There are a small number of additional text functions, namely, `EXACT`, `REPT`, `T`, `N`. Since these are rarely used, we refer you to Excel Help for more information.

Back to the top of the section

Back to the top of the page

Excel has an extremely powerful function `IF` that will return one of two choices depending on the value of a condition parameter.

 `IF` `IF(condition, expression-1, expression-2)` In the most common cases, `condition` is an expression that evaluates to `TRUE` or `FALSE`. If `condition` is `TRUE`, then the function returns the value of `expression-1`. If `condition` is `FALSE`, then the function returns the value of `expression-2`. Excel will also accept a number for the `condition`. In that case, a non-zero number acts a `TRUE` while zero acts as `FALSE`. Error if the `condition` is none of `TRUE`, `FALSE`, or a number. Error if the evaluation of the condition or the expression chosen results in an error.

Let us now summarize the important ways that a `TRUE` or `FALSE` expression may be formed aside from the trivial act of embedding these values as constants.

The first mechanism is to compare two entities for equals, not equals, or various forms of inequality comparison. This is done using one of six operators listed in the table.

 op `=` Equals `<>` Not equals `<` Less than `<=` Less than or equals `>` Greater than `>=` Greater than or equals

Generally, a comparision operation has the form

entity-1 op entity-2

where op is one of the 6 operators in the table.

Any two entities may be compared with `=` or `<>`. The other operators may be used only when the comparison makes sense. For example, the expression `A1 > 0` tests if cell `A1` has a numeric value and is greater than zero.

Next, there are test functions that directly return `TRUE` or `FALSE` when given an expression to examine.

 `IS...` Functions `IS...(expression)` `ISBLANK` Is empty, that is, has no content `ISTEXT` Is text and is not blank `ISNONTEXT` Is anything except text-that-is-not-blank `ISNUMBER` Is a number and is not blank `ISEVEN` Is an even number `ISODD` Is an odd number `ISLOGICAL` Is `TRUE` or `FALSE` `ISREF` Is a cell reference `ISERROR` Is an error state `ISNA` Is the specific error state `#N/A` `ISERR` Is an error state but is not `#N/A`

An interesting question is: What happens if you type the characters `true` into a cell. Is the result LOGICAL or TEXT or both?

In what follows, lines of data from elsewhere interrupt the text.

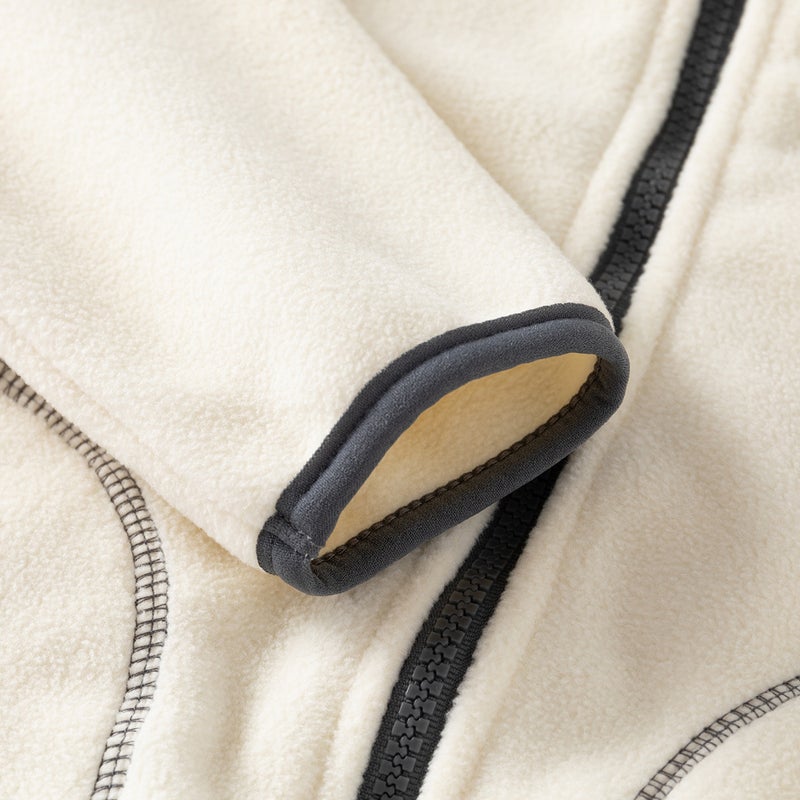 2024 Fall Kids Fleece Jacket Boys Zip-up Warm Coat Denim Blue  - Image 5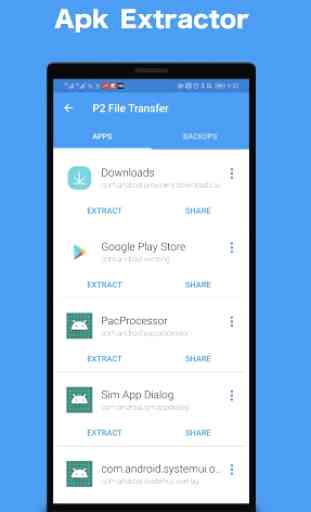 P2 - File Transfer, Sharing, share apps 3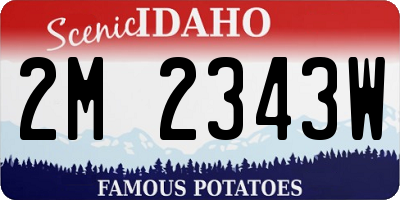 ID license plate 2M2343W
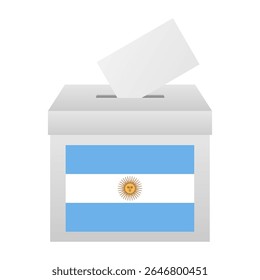 Eleições na Argentina. Conceito de Eleição. Ilustração de vetor.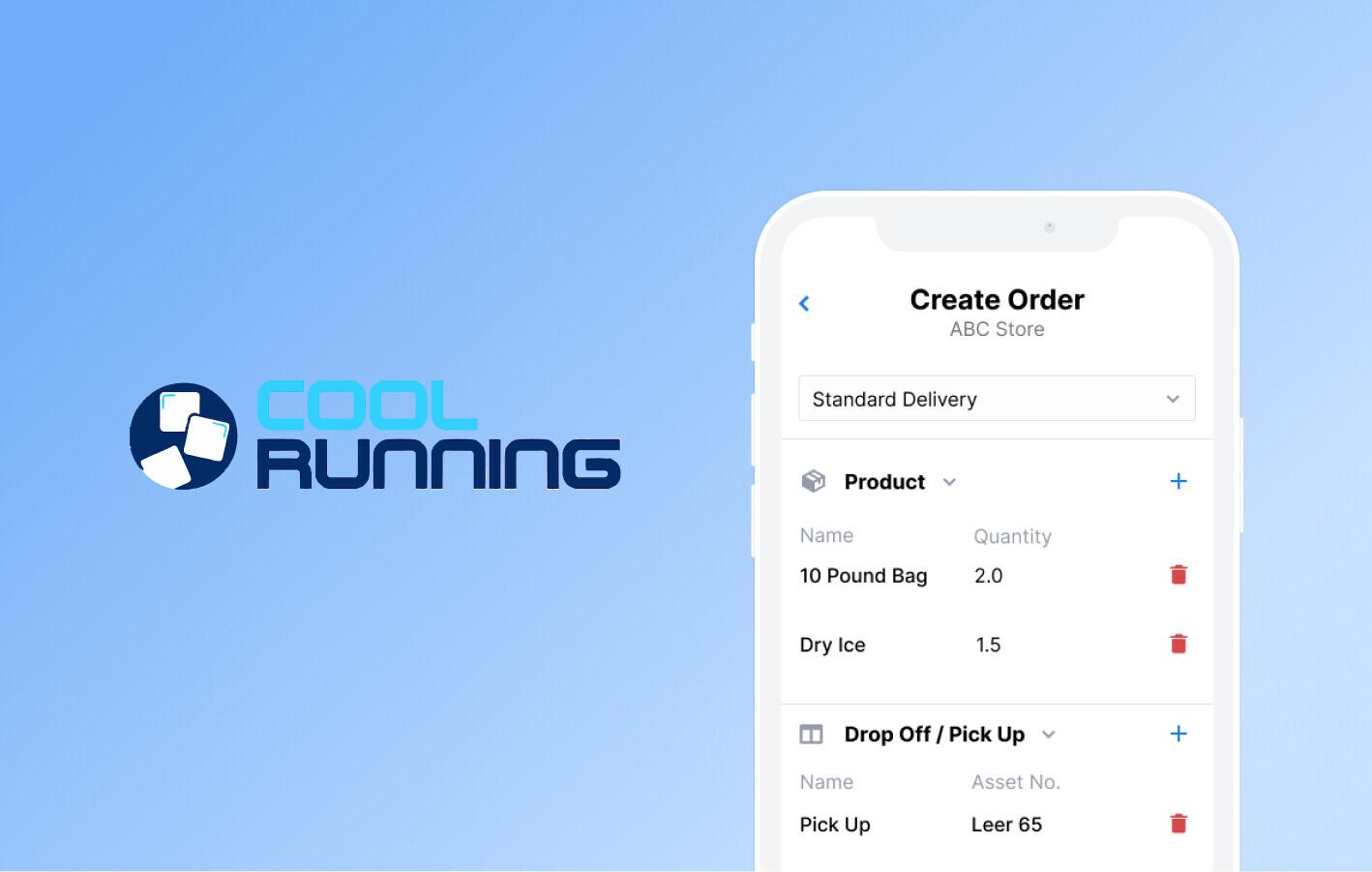 Cool Running logistic management application
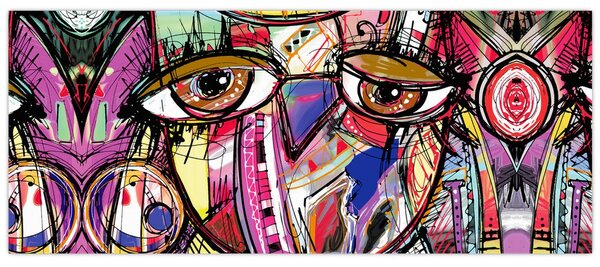 Slika - Ulična umetnost - sova (120x50 cm)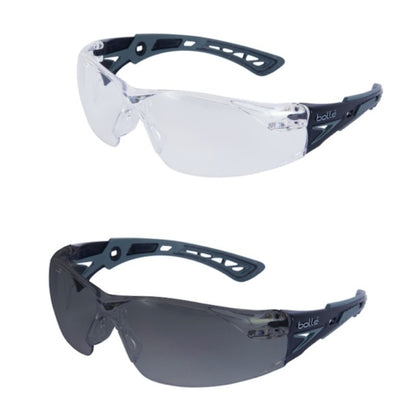 bolle Safety RUSH Plus Black/Wolf Gray [2 lens colors]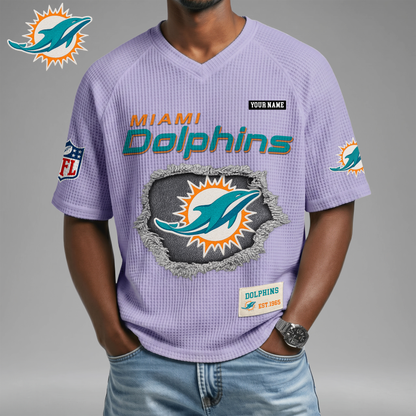 PREMIUM NFL X MD Game Day Waffle V-neck T-shirt 110626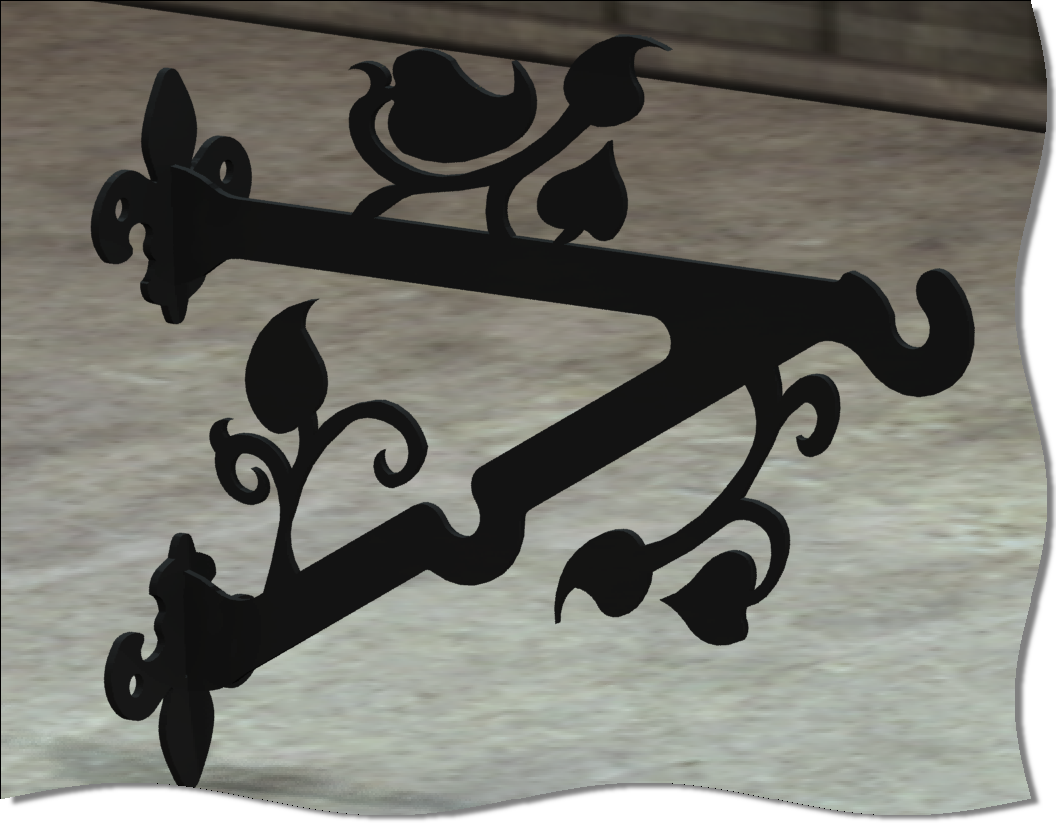 Scrolling Leaf Hanging Basket Bracket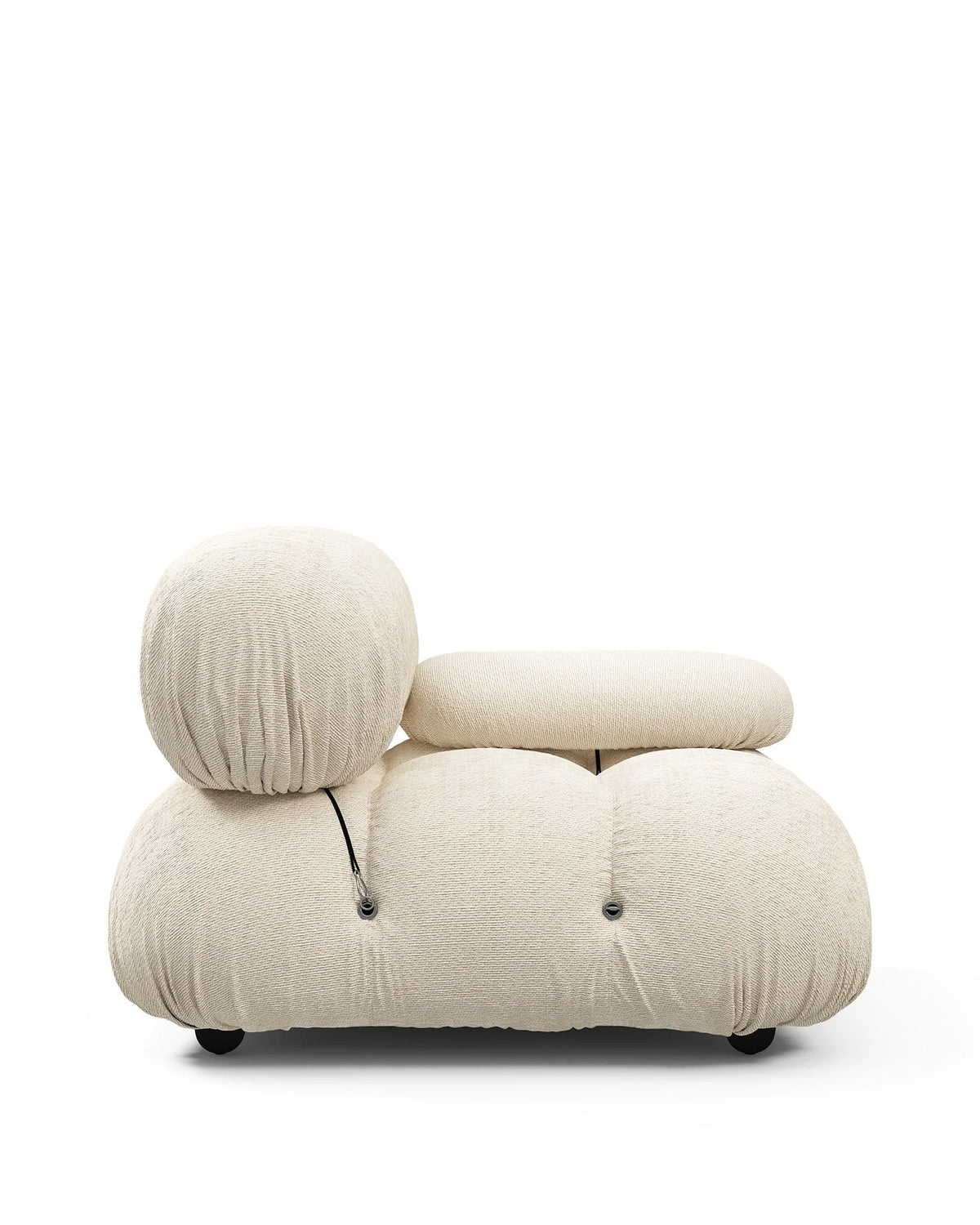 Camaleon 70 outdoor™ module right arm | cream chunky performance weave (outdoor) - modules outdoor | designer modular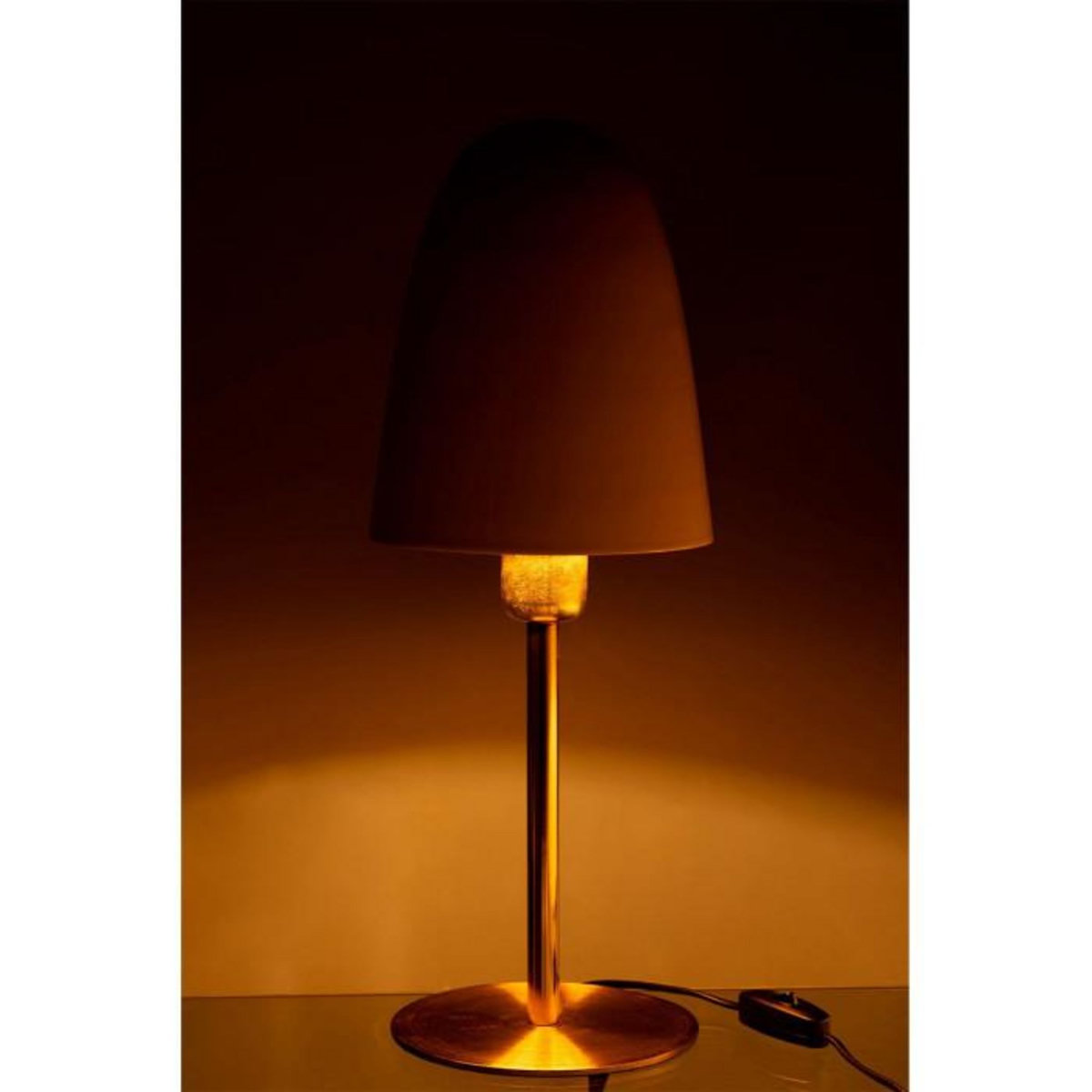 Paris Prix Lampe à Poser en Métal  Denny  46cm Beige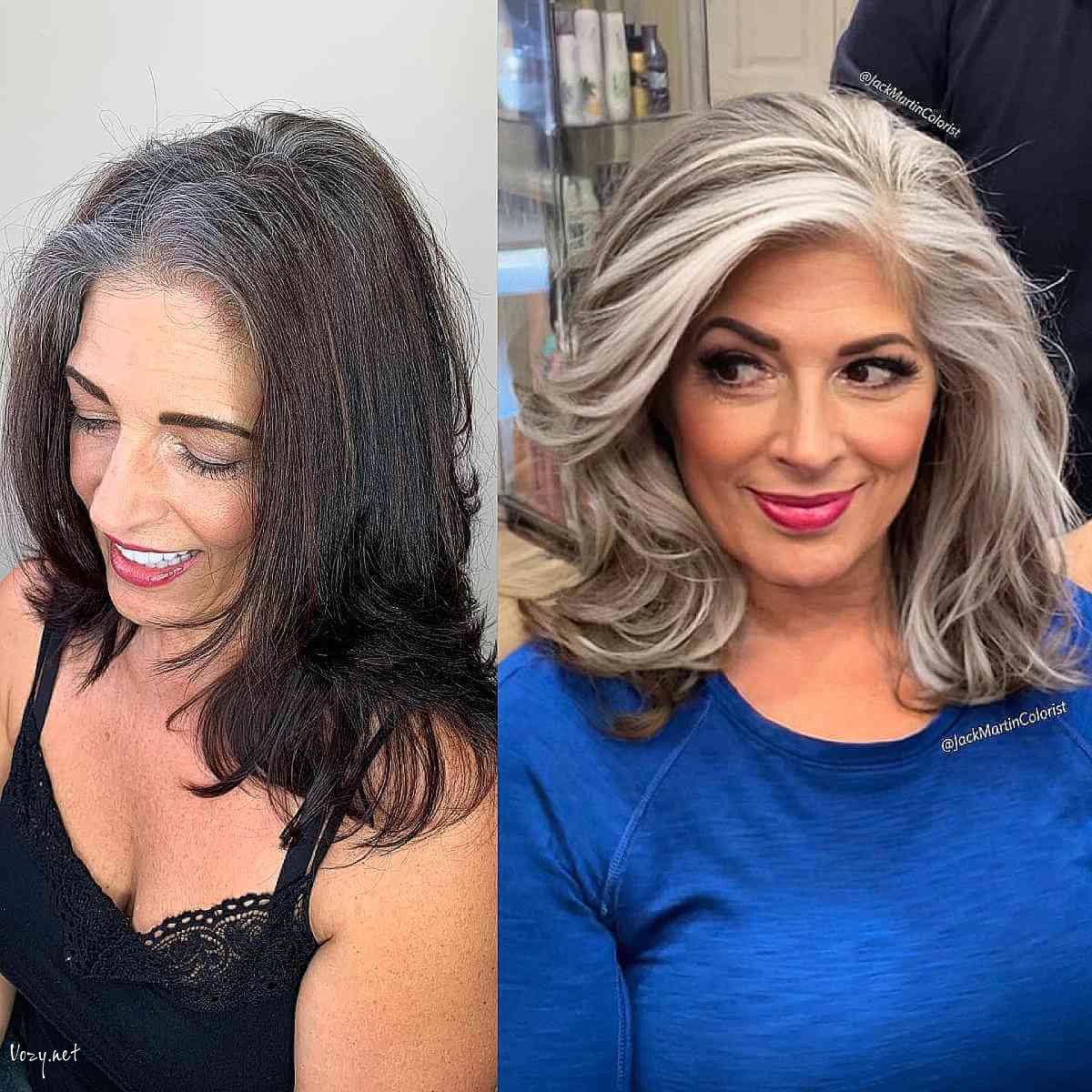 gorgeous silver hair for ladies 50 and over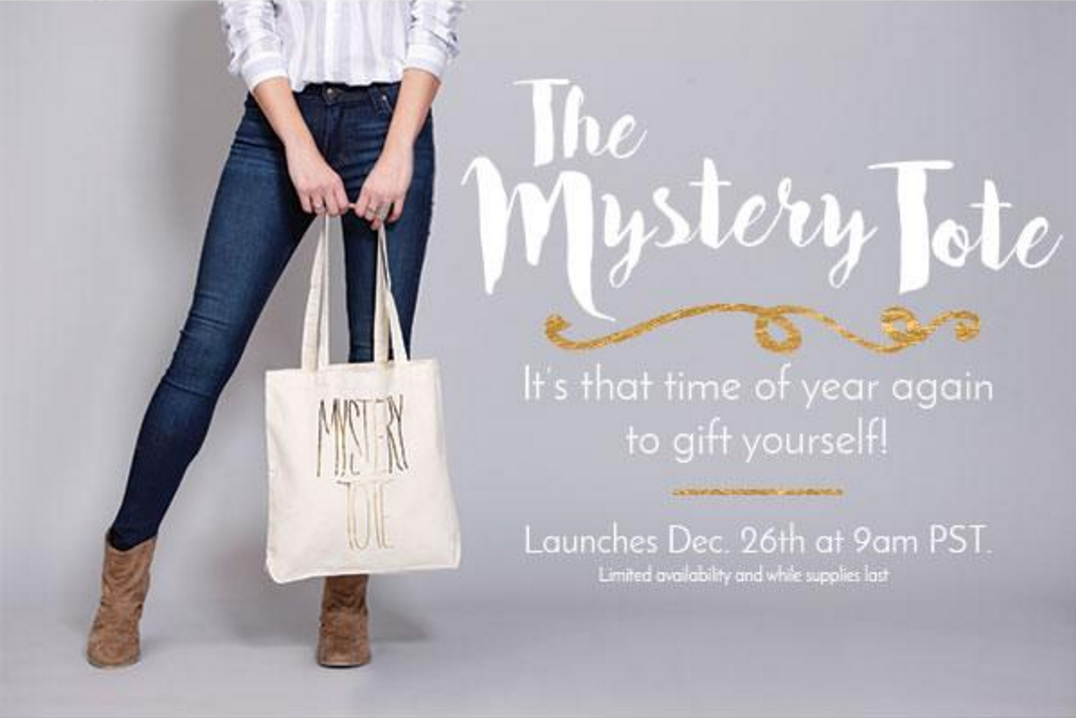 Reminder: Golden Tote 2015 Mystery Totes Launches at Noon!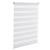 [en.casa] Roleta dubla Zebrarollo 11 - protectie impotriva luminii si a soarelui - jaluzea - fara gaurire, 70 x 150 cm poliester, alb HausGarden Leisure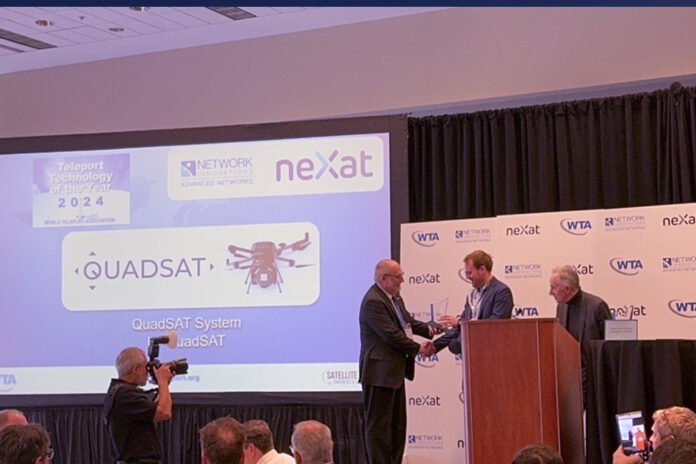 Quadsat wins World Teleport Association’s Teleport Technology of the Year Award - Quadsat Quadsat wins World Teleport Association’s Teleport Technology of the Year Award - Quadsat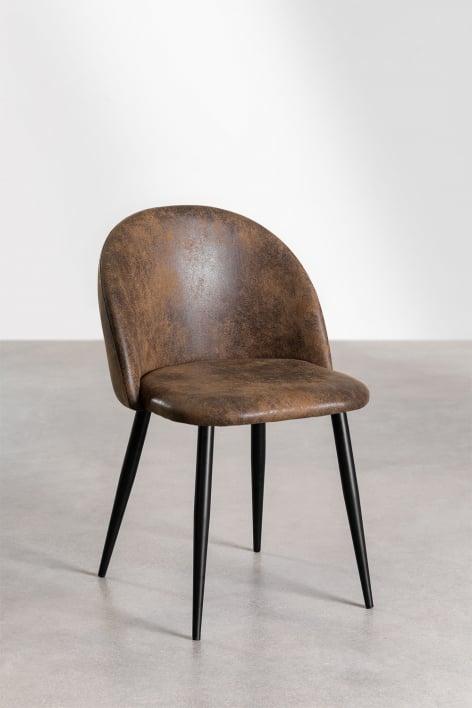 Kana leatherette upholstered dining chair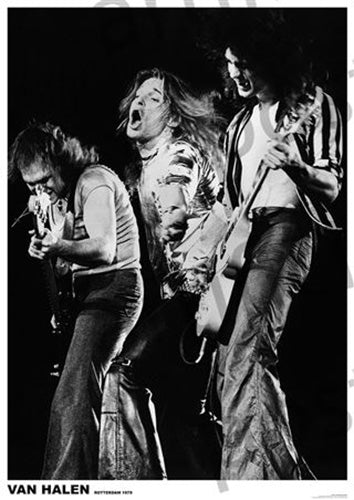 Van Halen - Rotterdam 1979 Poster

The answer is that Excel will convert what you have just typed into `TRUE` and center it in the cell. Further, `ISLOGICAL` will return `TRUE` while `ISTEXT` will return `FALSE`.

In particular, to enter `true` as TEXT, you must enter it in quoted form `'true`. Then, `ISLOGICAL` will return `FALSE` while `ISTEXT` will return `TRUE`.

Now that we have seen how to create simple `TRUE/FALSE` results using operators and the `IS...` functions, let us describe the 3 Excel functions designed to manipulate and combine logical conditions into compound logical conditions.

 `AND` `AND(condition-1,condition-2,...)` Returns `TRUE` if all conditions evaluate to `TRUE`. Returns `FALSE` if any single condition returns `FALSE`. Error if the evaluation of any condition results in an error. `OR` `OR(condition-1,condition-2,...)` Returns `TRUE` if any single condition returns `TRUE`. Returns `FALSE` if all conditions evaluate to `FALSE`. Error if the evaluation of any condition results in an error. `NOT` `NOT(condition)` Reverses the value of the condition. If the condition is `TRUE` then returns `FALSE`. If the condition is `FALSE` then returns `TRUE`. Error if the evaluation of the condition results in an error.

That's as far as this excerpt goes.